Certain virulence genes were significantly more prevalent in given CPS types. For instance, rib was associated significantly with serotypes Ia, II, III and VI. Previous data from South East Asian countries and Europe confirmed the association between rib gene and serotype Ia, II and III [3942]. Moreover, our results indicated a significant association between serotypes II and III with bca and bac, while other studies demonstrated association between bca and bac with serotype Ib and II [35, 39, 41]. According to Duarte et al. (2005) around 30–55 % of serotype Ia GBS isolates in humans harbored the bca gene [20]. In another study reported by Dore et al. around 50 % of serotype III isolates harbored the bca or bac or both [42]. This difference may be caused by geographical differences in prevalence or may indicate the appearance of silent bca and bac genes in these serotypes.

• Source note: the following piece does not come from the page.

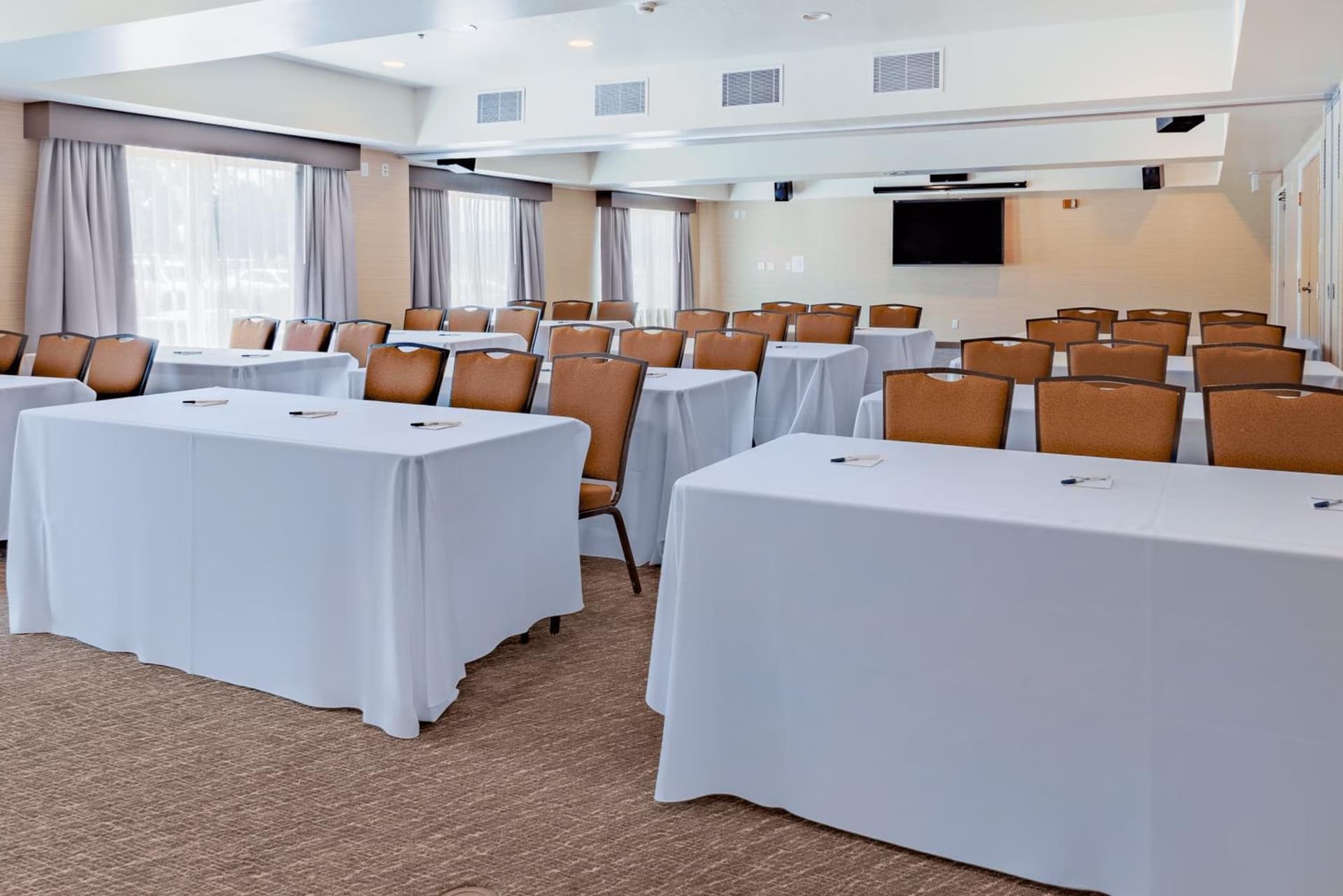 Holiday Inn Express Hotel & Suites San Jose-Morgan Hill by IHG gallery photo in Morgan Hill, CA — image 12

The present study could not demonstrate any correlation between the virulence genes and clinical status of the patients from whom the isolates were obtained (p >0.05); however, as pointed out by Maning et al. invasive isolates showed a tendency to have rib and bac [18]. No significant associations were found between the occurrence of virulence genes and the age of patients in the present study (p >0.05). However, based on data presented by Ho et al. the majority of bca genes (85.4 %) in GBS isolates were observed in strains from adults, whereas 59.2 % of rib gene was harbored among isolates from neonates [40]. Given the lack of correlation we describe above, our data do not confirm the virulence potential of the genes detected.

In conclusion, our GBS collection contained a high number of strains with serotypes VI and VII, in contrast to findings in other countries [7, 24, 43]. Such differences in the relative regional incidence of serotypes could compromise the efficacy of vaccine. Additionally, the present study clearly shows the equivalence of MS and CS and indicates the broader coverage of MS. Data presented here confirms previous findings on the relationship between different virulence genes and serotypes but fails to confirm the virulence contribution of the panel of potential virulence genes we screened for.